Pour cela les associations ont besoin de moins de contraintes, et de plus de moyens pour mener le projet associatif. Elles ont besoin de retrouver la confiance du politique, pour s’inscrire dans un véritable projet de société, dans nombre de cas co-construit avec les pouvoirs publics, au local comme au national.
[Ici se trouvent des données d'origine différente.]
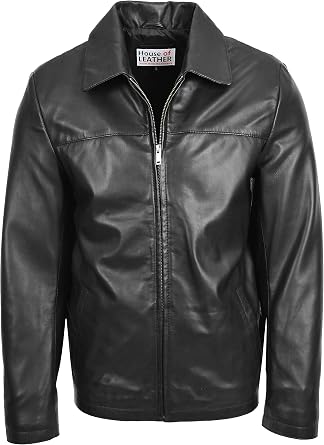 Mens Real Leather Harrington Jacket Classic Zip Box Style James
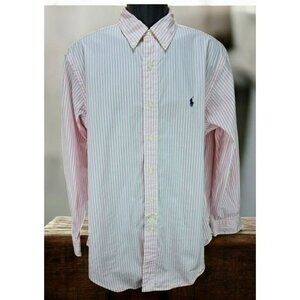 Ralph Lauren Mens Pink Striped Dress Shirt 16.5/32-33 LG Classic Fit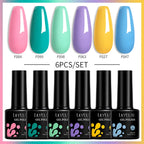 LILYCUTE 7ML 6PCS Neon Gel Nagellack Set fluoreszierend Farbwechsel Semi Permanent Soak Off Maniküre-Kit Nail Art Gel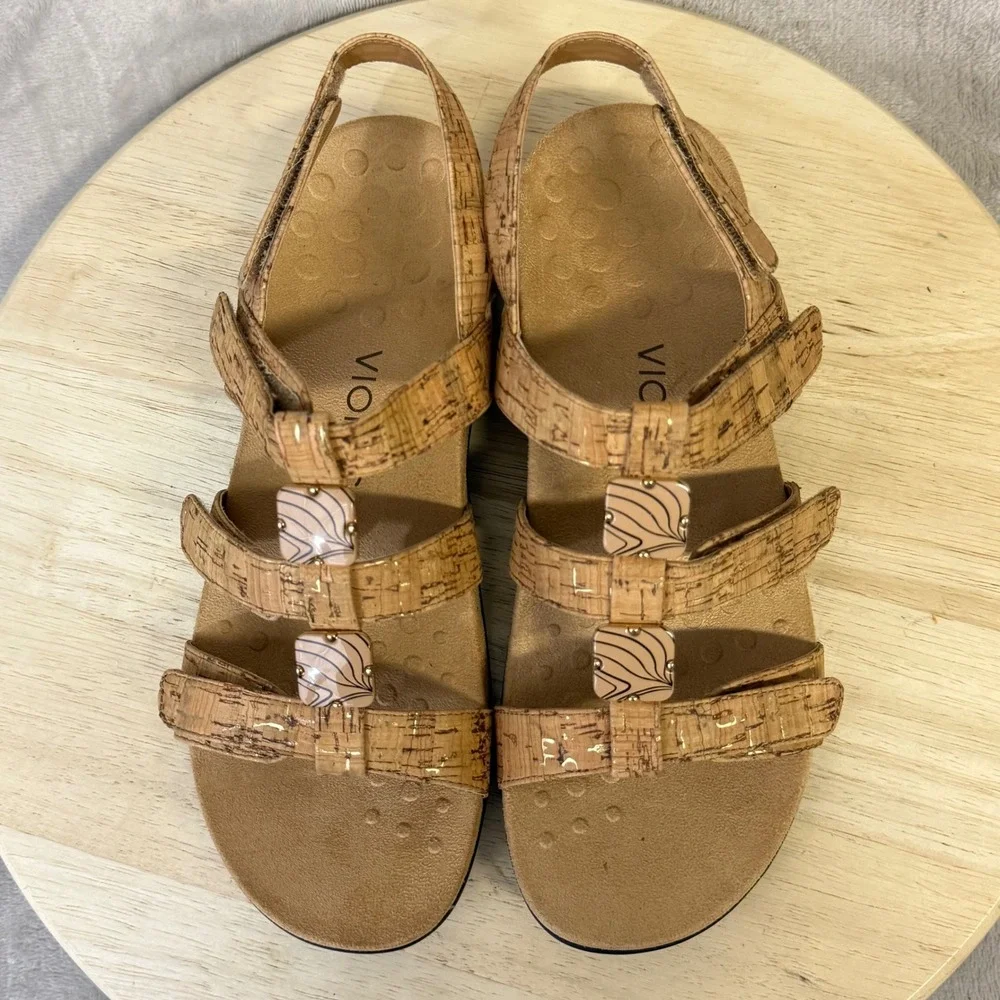 Vionic Amber Cork Gold Fleck Adjustable Slingback Sandals 44AMBER Women 9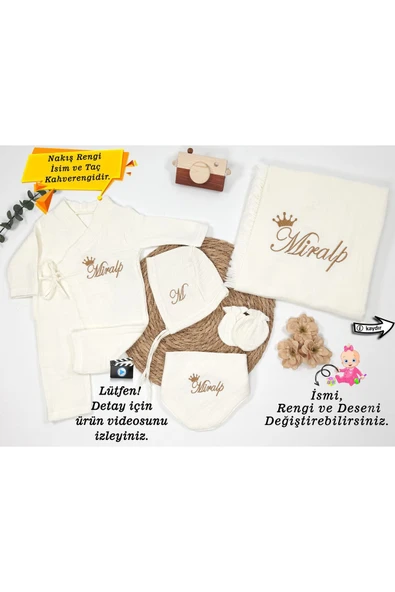 gros shop %100Pamuk 4Katlı Müslin Kumaş Bağcıklı Tulum Hastane Çıkışı-Hediye(Kişiye Özgü İsimli Nakış Desenli)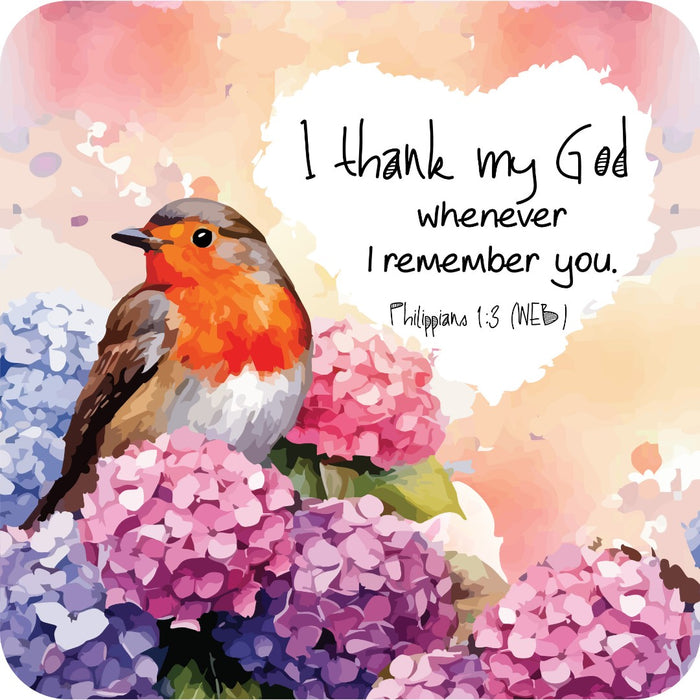 I Thank My God Cork Coaster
Elles ont besoin de pouvoir appuyer sur la touche PAUSE, et se donner le temps… le temps pour apprendre ensemble, le temps pour apprendre de nos histoires, le temps pour construire un projet de société commun.
Gilles Rouby, président du Collectif des Associations Citoyennes
Références
- [1] Source : Baromètre 2022 – Recherche & Solidarités – Opinion des dirigeants associatifs
- [2] Cf. le chapitre « La réforme de l’administration et ses conséquences dans le monde associatif » de JC Boual dans « Quel monde associatif demain » paru aux éditions Erès en 2021
- [3] https://www.numerique.gouv.fr/services/guichet-dites-le-nous-une-fois/
- [4] https://www.associations.gouv.fr/la-charte-d-utilisation-de-guid-asso.html
- [5] Actes de l’université d’été 2022 des associations citoyennes à Lille (cf. les Actes réalisés)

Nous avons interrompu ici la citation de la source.